Life After Hollywood

How a Disney Studio Chief Found Himself in a Family Vineyard

Lisa Sze Photography
Rick Frank in one of his barrel rooms in Calistoga, California.

"I was 'been there done that,'" says Rich Frank of leaving Hollywood behind in 1994 to focus on his family business after helping launch hits including 'Home Improvement' and 'Pretty Woman.'

On June 6, as former Disney Studios president Rich Frank and his wife, ex- KABC reporter Leslie Frank (nee Miller), packed up their Beverly Hills house — severing a final permanent tie to the entertainment business — the owner of Napa Valley's Frank Family Vineyards mused on how making wine is like making films. "You can't make a great movie without a great script and director. In the wine business, you must start with great grapes and have a winemaker who can execute what you give him," says Frank, 74, who, in the 1980s and 1990s, worked alongside Jeffrey Katzenberg and Michael Eisner — who told THR: "Rich walked into my office at Paramount about 40 years ago, and I knew within five minutes he was a star executive" — to make some of the era's biggest film and TV hits, including Pretty Woman, The Lion King and The Golden Girls.

With his award-winning range of vintages, from sparkling wine to cabernet, served at power restaurants (Bouchon, Spago, The Palm and NYC's Eleven Madison Park, to name just a few) and sold at retailers from BevMo to Whole Foods to Wally's, Frank clearly knows what he's talking about. Since 1992, when the longtime oenophile purchased the "very inexpensive" 380-acre Hanns Kornell Champagne Cellars winery while still at Disney, Frank and his wife have bumped sales from 200 cases annually to 100,000 ("we're still a small family winery") by adopting a studio philosophy. "At Disney, the whole concept was, we have guests, not customers," says Frank. "You can taste wine anyplace. If you come in, we want you to have a good time, to walk away discovering something and to hear our story."

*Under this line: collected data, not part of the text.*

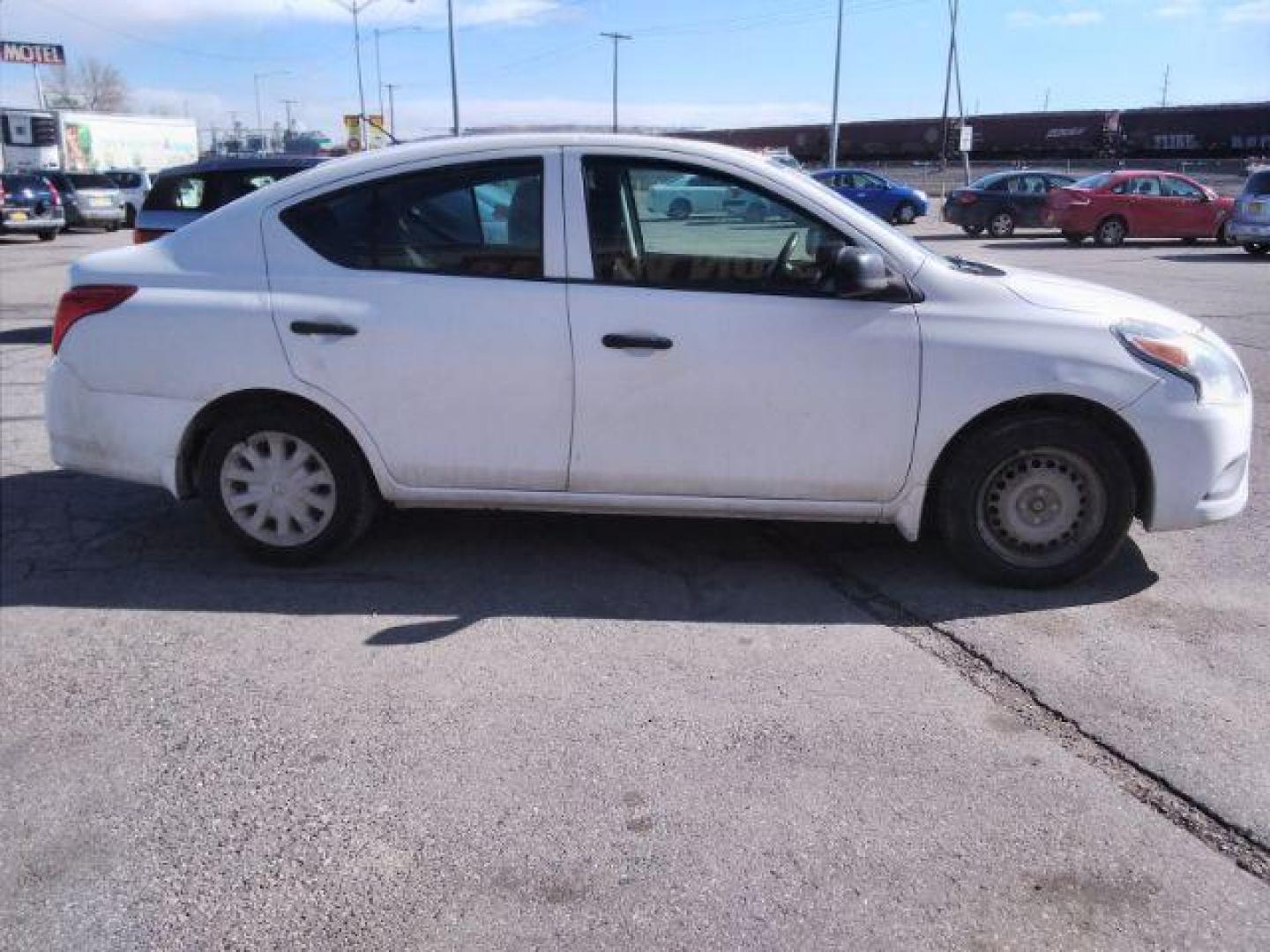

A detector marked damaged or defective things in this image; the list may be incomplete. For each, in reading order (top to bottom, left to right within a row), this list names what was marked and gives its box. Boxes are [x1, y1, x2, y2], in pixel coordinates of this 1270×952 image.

pavement crack [769, 529, 1270, 885] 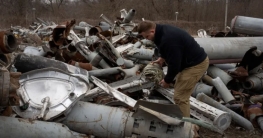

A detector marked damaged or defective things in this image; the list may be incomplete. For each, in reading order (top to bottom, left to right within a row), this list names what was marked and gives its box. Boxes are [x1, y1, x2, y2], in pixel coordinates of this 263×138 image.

rusted metal [0, 31, 17, 53] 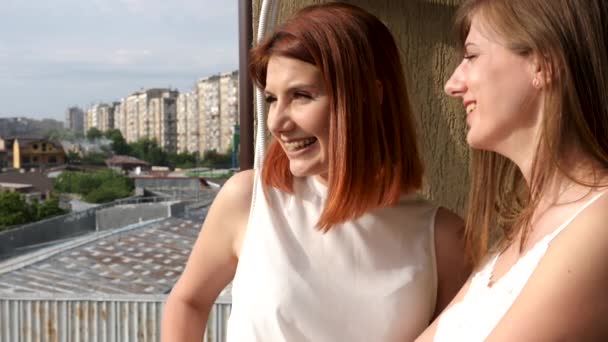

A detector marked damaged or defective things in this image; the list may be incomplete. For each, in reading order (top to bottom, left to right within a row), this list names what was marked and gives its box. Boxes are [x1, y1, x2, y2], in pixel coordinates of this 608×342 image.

rusty metal roof edge [0, 218, 166, 276] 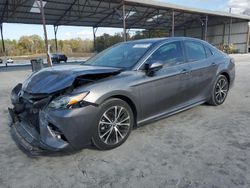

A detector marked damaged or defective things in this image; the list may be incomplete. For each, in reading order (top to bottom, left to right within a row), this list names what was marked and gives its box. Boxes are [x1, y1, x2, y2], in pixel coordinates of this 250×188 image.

damaged hood edge [22, 65, 121, 94]
damaged front bumper [8, 83, 97, 156] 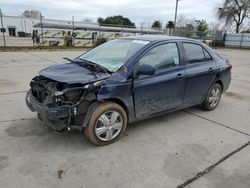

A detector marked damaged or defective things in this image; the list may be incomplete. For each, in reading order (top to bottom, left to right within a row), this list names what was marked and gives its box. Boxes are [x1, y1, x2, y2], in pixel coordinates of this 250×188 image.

cracked bumper [25, 90, 70, 131]
front end damage [25, 75, 103, 131]
crumpled hood [39, 62, 109, 84]
damaged sedan [26, 35, 231, 145]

The story of Frank the winemaker began before his contract ended in 1995. "Once [Walt Disney Co. president] Frank Wells died [in 1994], Disney was just different. To make another TV show or find another movie? I was, 'been there done that.' We couldn't have been more successful than we were for those 10 years at Disney. It was just time to go on."

Frank focused on his family — sons Paul and Darryl, co-president of Steven Spielberg's Amblin Television, are brand ambassadors; three out of four vineyards are named after his grandchildren — and the family business, which has its own Hollywood pedigree. "The story is that Marilyn Monroe used to go up to Hanns Kornell, and she loved to take bubble baths using the champagne," he laughs. "I can't guarantee you it's absolutely true."

Every day, he develops wines with GM Todd Graff, and "every hour, I walk across the new grass and shake hands with people who came to see us," including Usher, Pink, Turner Entertainment's Kevin Reilly and WME's Sean Perry. "The only pressure is which of 12 world-class restaurants to stop in on the way home." (For his part, Reilly says, "Rich is one of those guys who seems to launch into every day like it’s the best day of his life. His qualities of exuberance and curiosity serve him well in both show business and winemaking.") Dining with an old colleague is easier than in L.A., where it "took three secretaries to make a reservation that got canceled nine times. Here, I get a call, 'I'm coming up this weekend to Napa,' and I say, 'Great, want to have dinner Saturday?' It doesn't take any more than that."